Problem statement: A word-for-word copy of the entries is the goal; leave out the pictures.

-- The data follows --

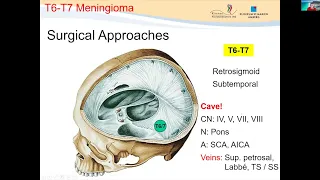 Management of Tentorial & Falcotentorial Meningiomas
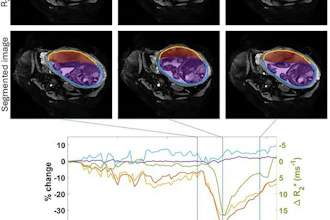 Uterine and placental changes during an example placental contraction. The top row shows axial MRI images at selected times points before, during and after a placental contraction (indicated by vertical lines on the graph below) with segmentations shown below. Changes in placental and non-placental volumes, wall areas and placental R2* (all measured across the whole volume of the uterus, not just the single slice shown) are plotted underneath. The legend indicates the colors used for the lines in the plots and the regions indicated in the segmentation.
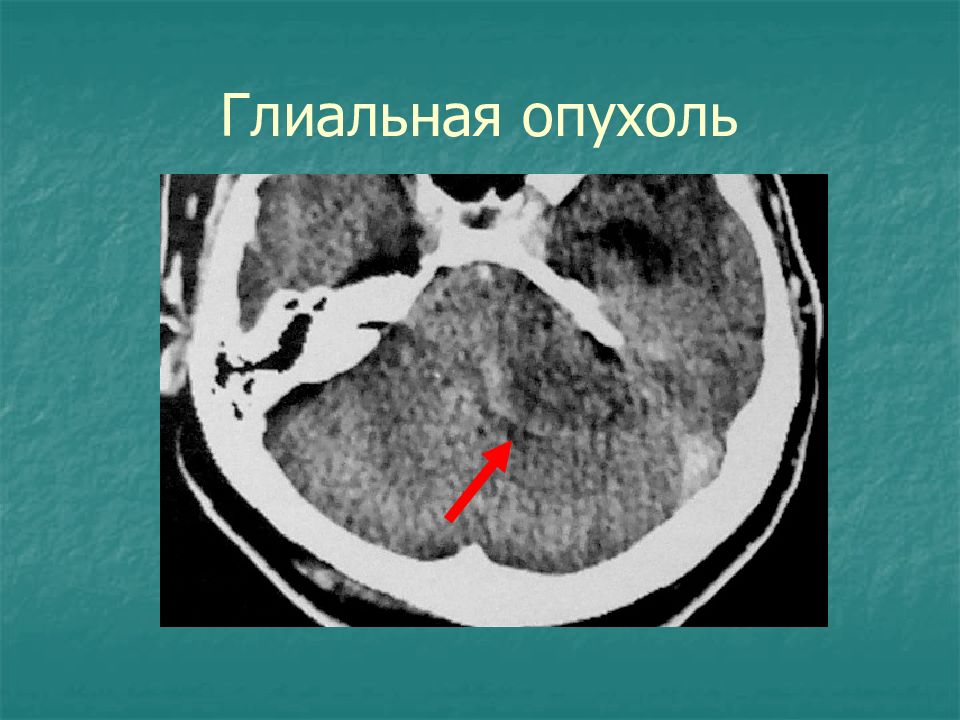 Глиальная опухоль головного. Глиальная опухоль головного мозга кт. Глиальная опухоль височной доли.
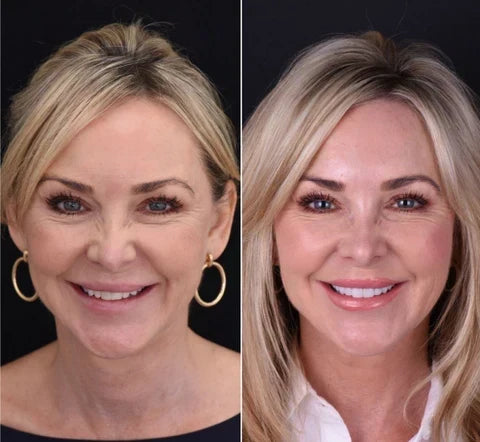 Moldable Snap On Veneers, Ultra Thin Polypropylene Cosmetic Veneers for Upper, Lower or Both Teeth – photo 7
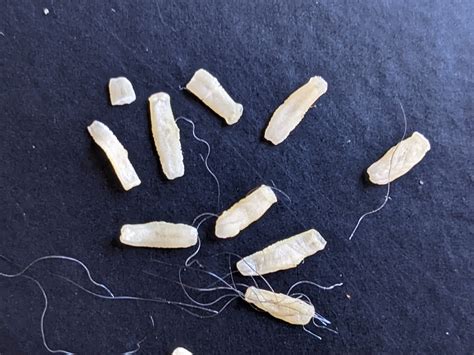 The wrong kind of worms – Tapeworms :( - Bug News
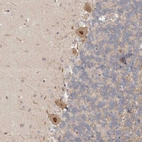 Anti-PSMA5 Antibody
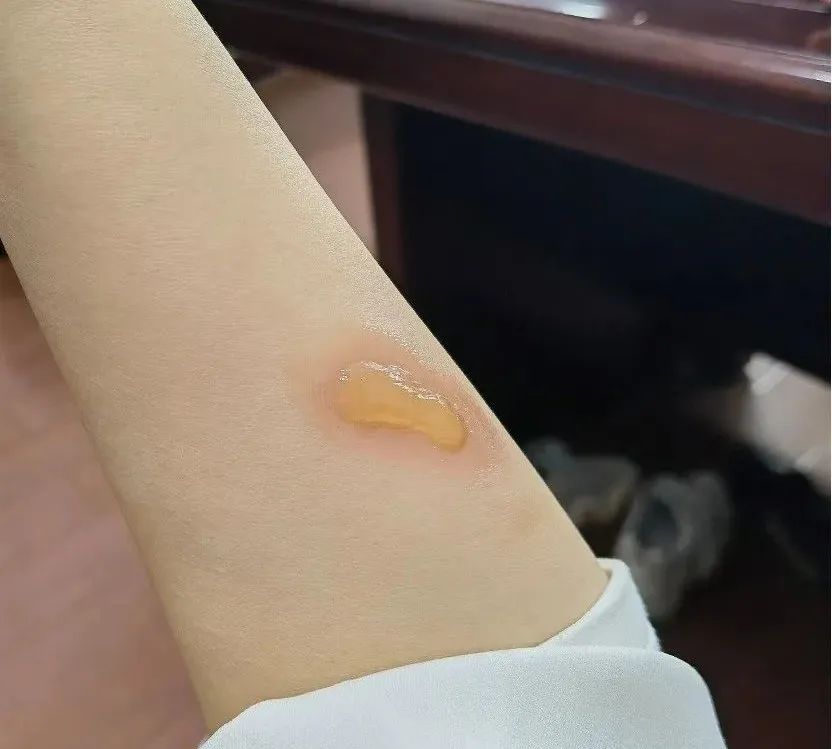 小孩不听话进厨房被烫伤,小朋友被油锅烫伤怎么办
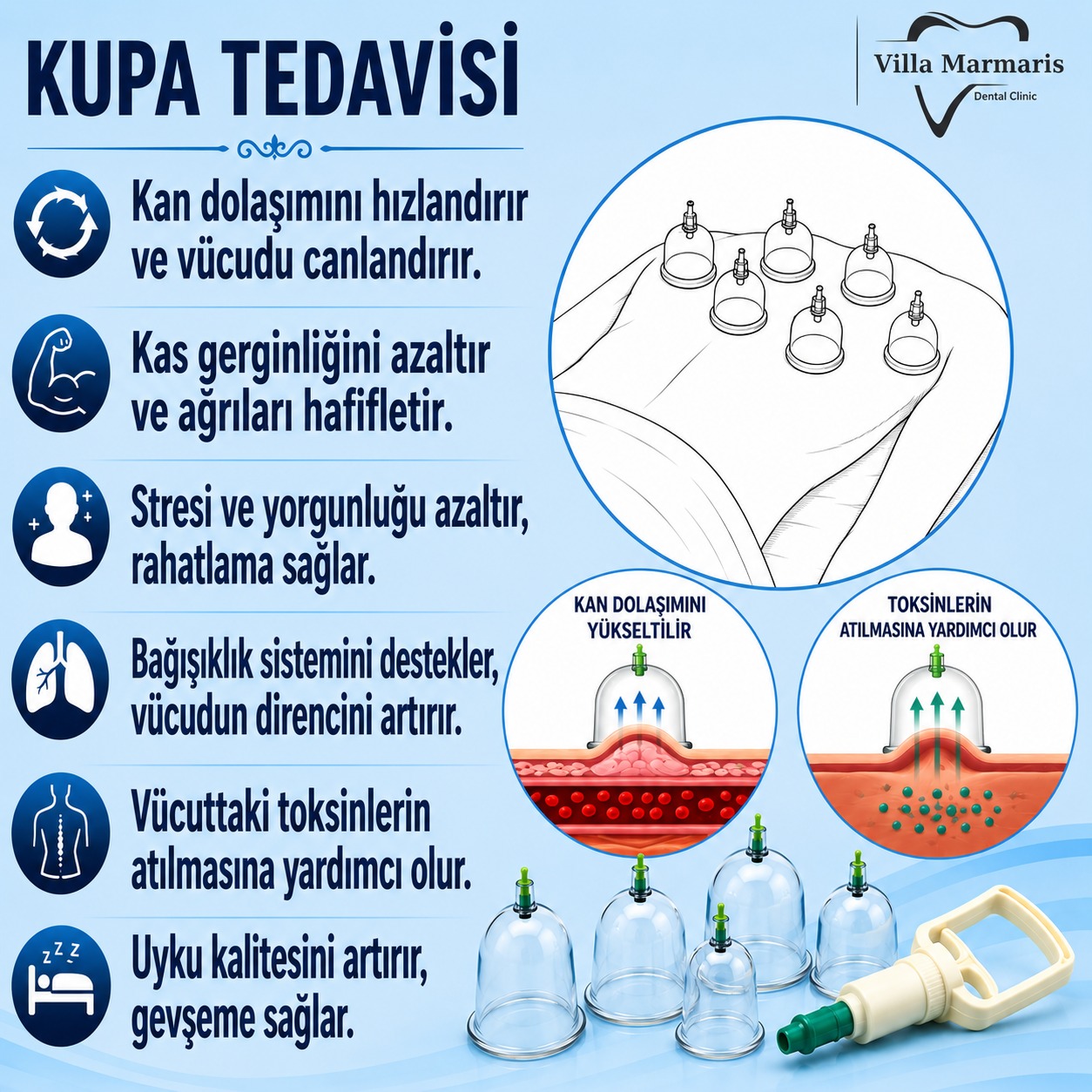 Kupa tedavisi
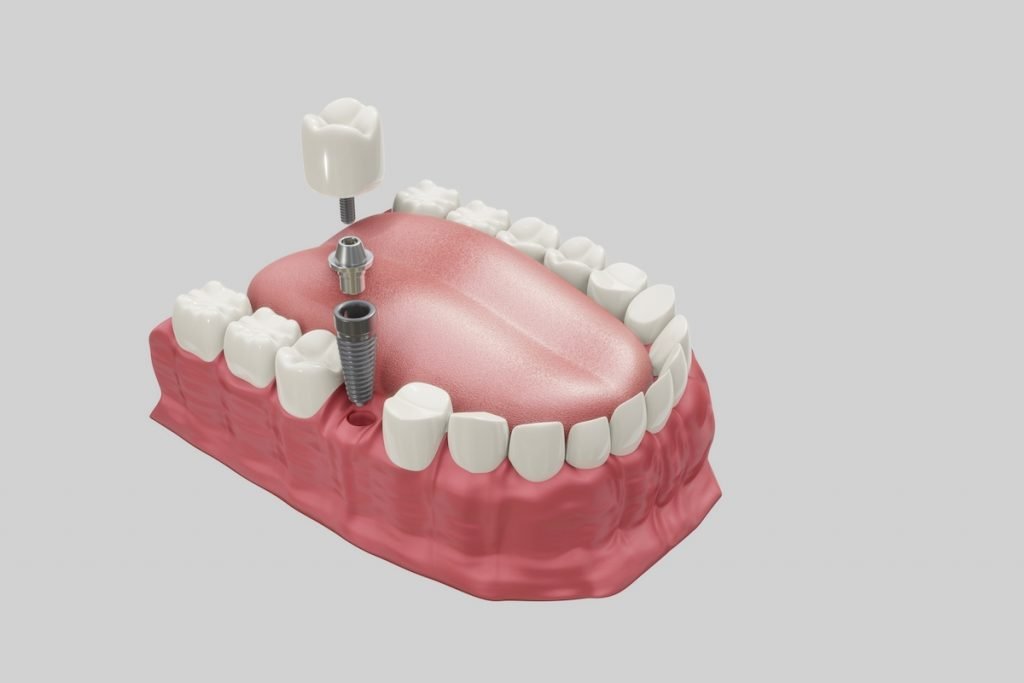 what is a dental implant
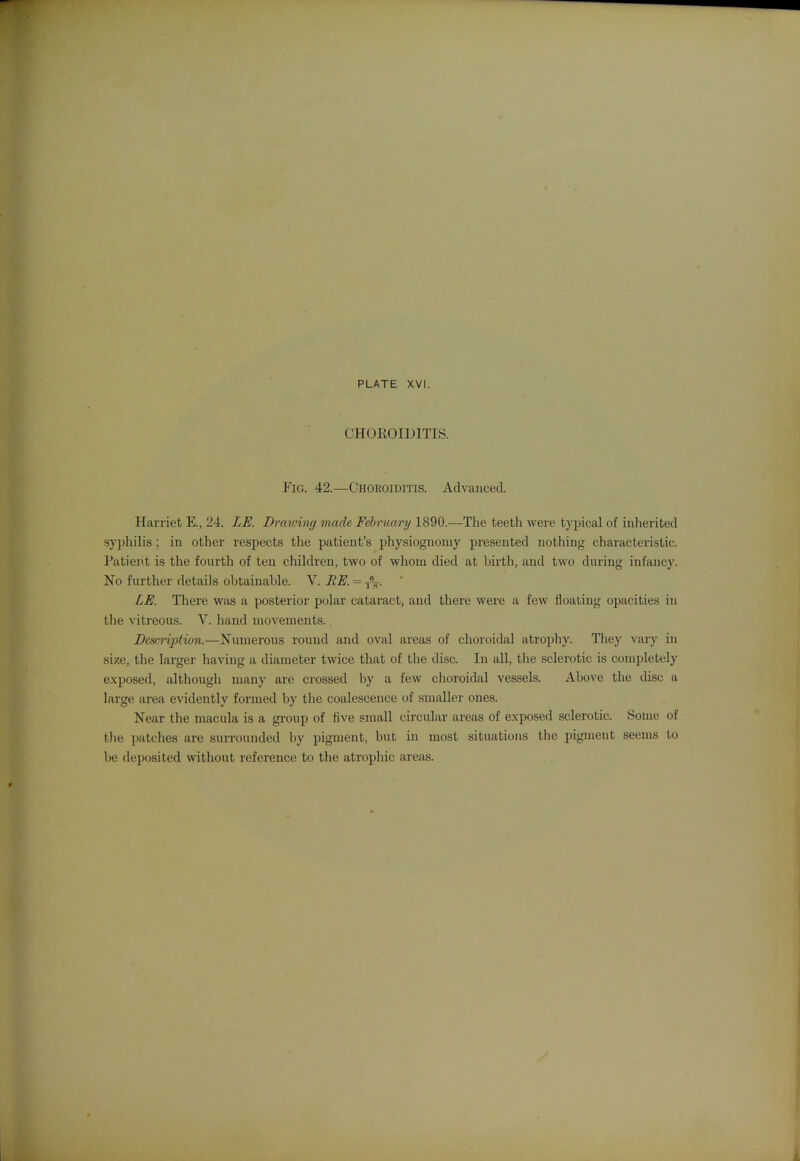 CHOROIDITIS. Fig. 42.—Chokoiditis. Advanced. Harriet E., 24. LE. Drawing made Feb'ruary 1890.—The teeth were t) pica! of inherited sypliilis; in other respects the patient's physiognomy presented nothing characteristic. Patient is the fourth of ten children, two of wlioiu died at birth, and two during infancy. No further details obtainable. V. RE. = ^% LE. There was a posterior polar cataract, and there were a few floating opacities in the vitreous. V. hand movements. Dcsci-i2}tion.—Numerous round and oval areas of choroidal atrophy. They vary in size, the larger having a diameter twice that of the disc. In all, the sclerotic is completely exposed, although many are crossed by a few choroidal vessels. Above the disc a large area evidently formed by the coalescence of smaller ones. Near the macula is a group of five small circular areas of exposed sclerotic. .Some of the patches are surrounded by pigment, but in most situations the pigment seems to be deposited without reference to the atrophic areas.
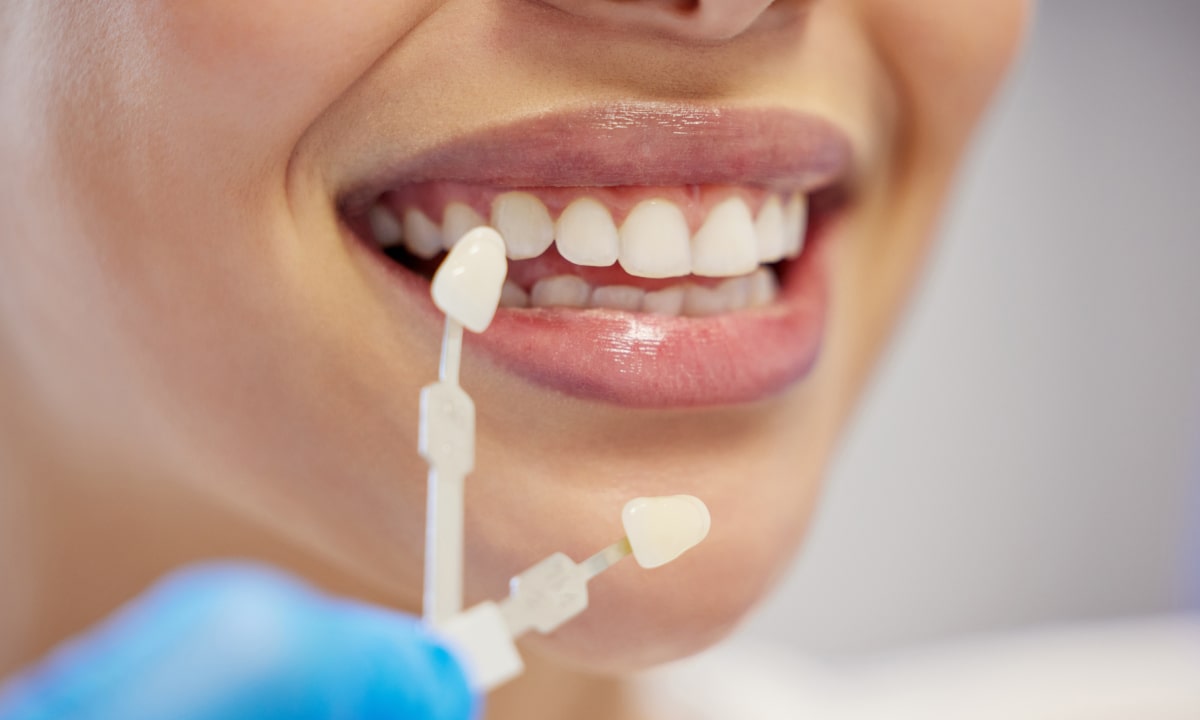 How Much Do Dental Veneers Cost in Avondale, AZ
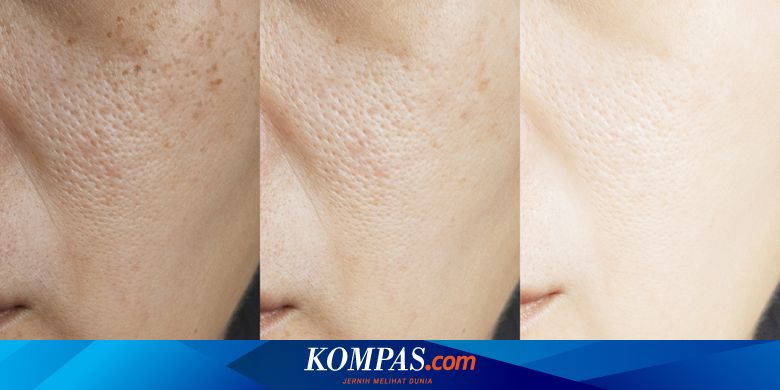 7 Penyebab Kulit Kusam Dan Kiat Mengatasinya Halaman All Kompas Com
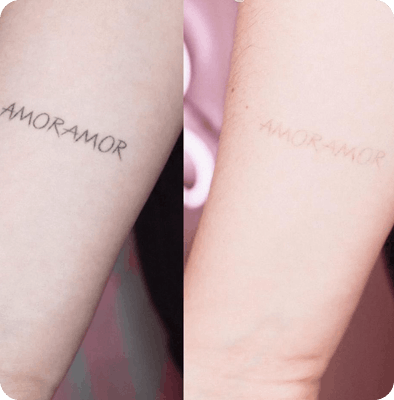 лазерное удаление татуажа в Гомеле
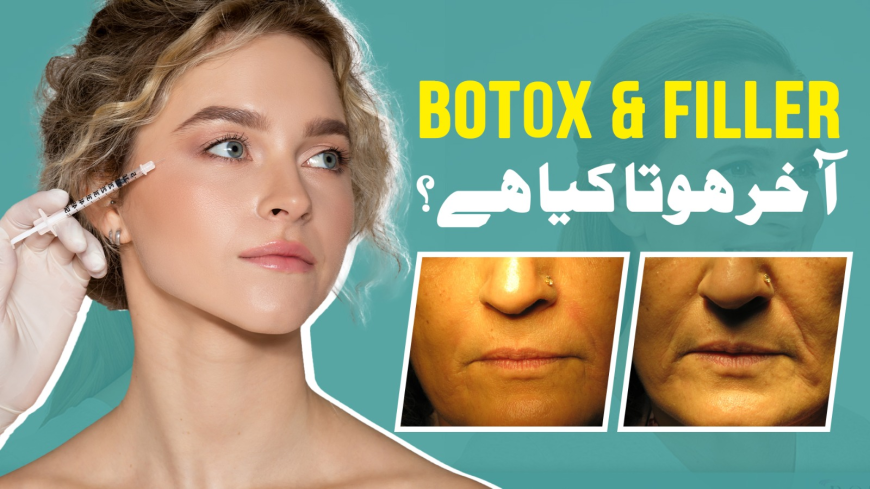 Safe Botox & Fillers in Pakistan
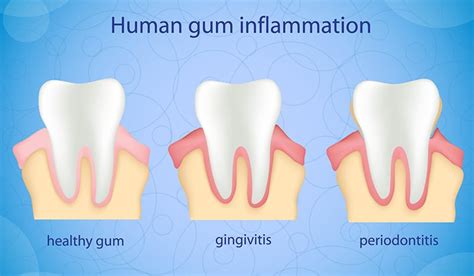 How To Treat Inflamed Gums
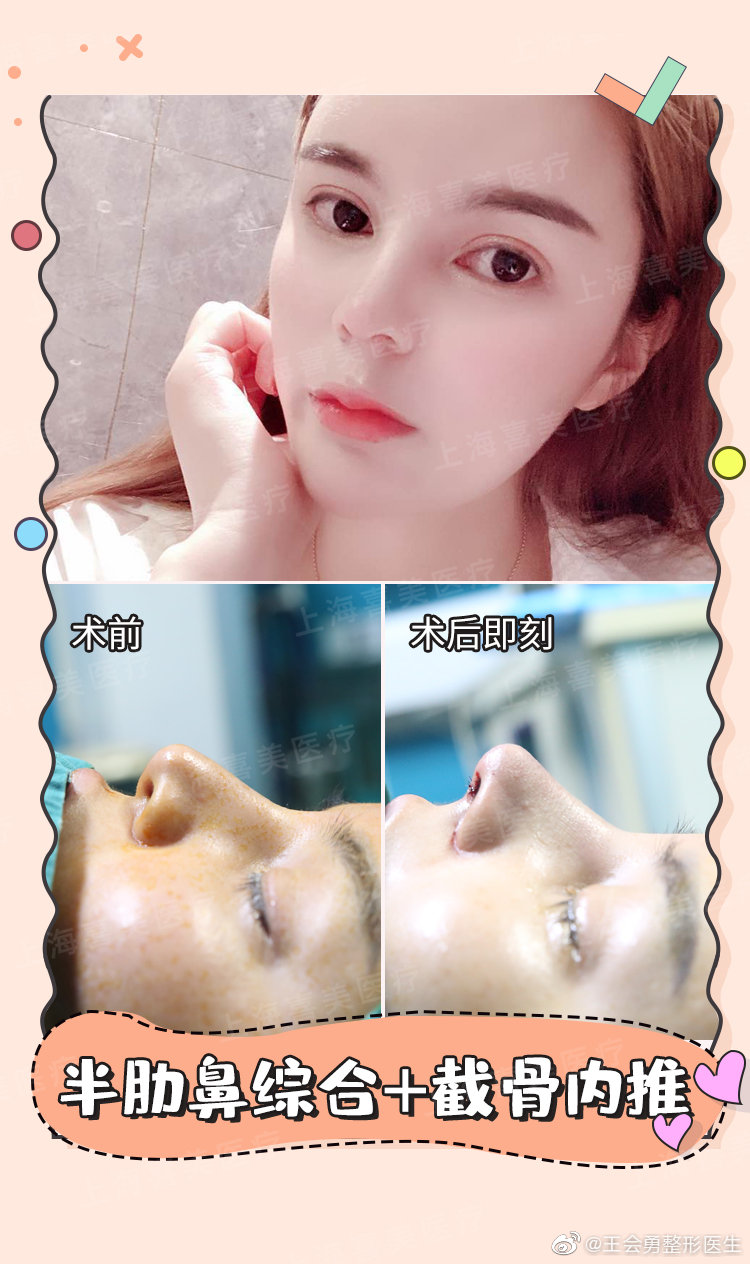 上海最有名氣的鼻王是哪位醫生？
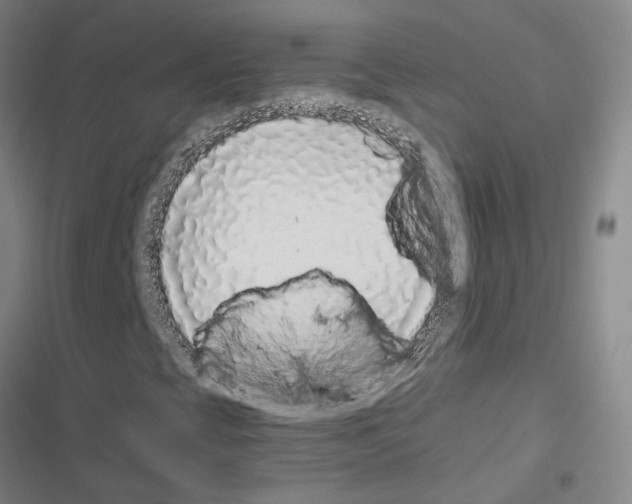 X0000116421393201001191440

-- The data concluded --

Exercise result:
 Management of Tentorial & Falcotentorial Meningiomas
 Uterine and placental changes during an example placental contraction. The top row shows axial MRI images at selected times points before, during and after a placental contraction (indicated by vertical lines on the graph below) with segmentations shown below. Changes in placental and non-placental volumes, wall areas and placental R2* (all measured across the whole volume of the uterus, not just the single slice shown) are plotted underneath. The legend indicates the colors used for the lines in the plots and the regions indicated in the segmentation.
 Глиальная опухоль головного. Глиальная опухоль головного мозга кт. Глиальная опухоль височной доли.
 Moldable Snap On Veneers, Ultra Thin Polypropylene Cosmetic Veneers for Upper, Lower or Both Teeth – photo 7
 The wrong kind of worms – Tapeworms :( - Bug News
 Anti-PSMA5 Antibody
 小孩不听话进厨房被烫伤,小朋友被油锅烫伤怎么办
 Kupa tedavisi
 what is a dental implant
 CHOROIDITIS. Fig. 42.—Chokoiditis. Advanced. Harriet E., 24. LE. Drawing made Feb'ruary 1890.—The teeth were t) pica! of inherited sypliilis; in other respects the patient's physiognomy presented nothing characteristic. Patient is the fourth of ten children, two of wlioiu died at birth, and two during infancy. No further details obtainable. V. RE. = ^% LE. There was a posterior polar cataract, and there were a few floating opacities in the vitreous. V. hand movements. Dcsci-i2}tion.—Numerous round and oval areas of choroidal atrophy. They vary in size, the larger having a diameter twice that of the disc. In all, the sclerotic is completely exposed, although many are crossed by a few choroidal vessels. Above the disc a large area evidently formed by the coalescence of smaller ones. Near the macula is a group of five small circular areas of exposed sclerotic. .Some of the patches are surrounded by pigment, but in most situations the pigment seems to be deposited without reference to the atrophic areas.
 How Much Do Dental Veneers Cost in Avondale, AZ
 7 Penyebab Kulit Kusam Dan Kiat Mengatasinya Halaman All Kompas Com
 лазерное удаление татуажа в Гомеле
 Safe Botox & Fillers in Pakistan
 How To Treat Inflamed Gums
 上海最有名氣的鼻王是哪位醫生？
 X0000116421393201001191440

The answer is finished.